> Study material:
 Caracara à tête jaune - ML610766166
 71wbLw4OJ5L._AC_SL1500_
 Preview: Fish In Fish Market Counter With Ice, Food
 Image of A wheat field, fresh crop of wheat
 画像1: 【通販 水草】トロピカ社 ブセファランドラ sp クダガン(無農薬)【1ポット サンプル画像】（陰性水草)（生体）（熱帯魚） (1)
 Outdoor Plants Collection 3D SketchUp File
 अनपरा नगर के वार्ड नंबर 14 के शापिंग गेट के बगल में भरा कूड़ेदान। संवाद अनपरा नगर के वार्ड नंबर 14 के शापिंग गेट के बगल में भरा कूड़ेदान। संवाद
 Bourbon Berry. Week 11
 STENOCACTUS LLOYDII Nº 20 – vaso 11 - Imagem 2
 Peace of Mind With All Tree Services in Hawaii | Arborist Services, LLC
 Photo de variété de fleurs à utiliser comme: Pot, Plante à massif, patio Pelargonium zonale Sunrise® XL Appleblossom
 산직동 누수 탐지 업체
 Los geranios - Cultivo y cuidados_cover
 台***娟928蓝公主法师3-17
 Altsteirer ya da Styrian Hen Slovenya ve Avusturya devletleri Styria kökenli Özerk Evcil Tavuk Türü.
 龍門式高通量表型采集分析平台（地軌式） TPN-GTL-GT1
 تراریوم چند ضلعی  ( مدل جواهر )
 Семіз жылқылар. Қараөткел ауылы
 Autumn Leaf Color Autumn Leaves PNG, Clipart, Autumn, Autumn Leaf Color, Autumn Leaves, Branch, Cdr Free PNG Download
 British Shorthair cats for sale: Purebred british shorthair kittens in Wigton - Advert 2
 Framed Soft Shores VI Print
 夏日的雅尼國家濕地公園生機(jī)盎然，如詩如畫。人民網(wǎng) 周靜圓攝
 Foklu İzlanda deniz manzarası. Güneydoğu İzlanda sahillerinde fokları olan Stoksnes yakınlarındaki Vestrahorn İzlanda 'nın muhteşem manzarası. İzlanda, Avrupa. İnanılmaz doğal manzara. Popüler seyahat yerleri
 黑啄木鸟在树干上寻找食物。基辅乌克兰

> What needs to be done: Could you please copy the lines of the listing above exactly, from its first line through the line bearing "Семіз жылқылар. Қараөткел ауылы", and nothing more?

> Problem solution:
 Caracara à tête jaune - ML610766166
 71wbLw4OJ5L._AC_SL1500_
 Preview: Fish In Fish Market Counter With Ice, Food
 Image of A wheat field, fresh crop of wheat
 画像1: 【通販 水草】トロピカ社 ブセファランドラ sp クダガン(無農薬)【1ポット サンプル画像】（陰性水草)（生体）（熱帯魚） (1)
 Outdoor Plants Collection 3D SketchUp File
 अनपरा नगर के वार्ड नंबर 14 के शापिंग गेट के बगल में भरा कूड़ेदान। संवाद अनपरा नगर के वार्ड नंबर 14 के शापिंग गेट के बगल में भरा कूड़ेदान। संवाद
 Bourbon Berry. Week 11
 STENOCACTUS LLOYDII Nº 20 – vaso 11 - Imagem 2
 Peace of Mind With All Tree Services in Hawaii | Arborist Services, LLC
 Photo de variété de fleurs à utiliser comme: Pot, Plante à massif, patio Pelargonium zonale Sunrise® XL Appleblossom
 산직동 누수 탐지 업체
 Los geranios - Cultivo y cuidados_cover
 台***娟928蓝公主法师3-17
 Altsteirer ya da Styrian Hen Slovenya ve Avusturya devletleri Styria kökenli Özerk Evcil Tavuk Türü.
 龍門式高通量表型采集分析平台（地軌式） TPN-GTL-GT1
 تراریوم چند ضلعی  ( مدل جواهر )
 Семіз жылқылар. Қараөткел ауылы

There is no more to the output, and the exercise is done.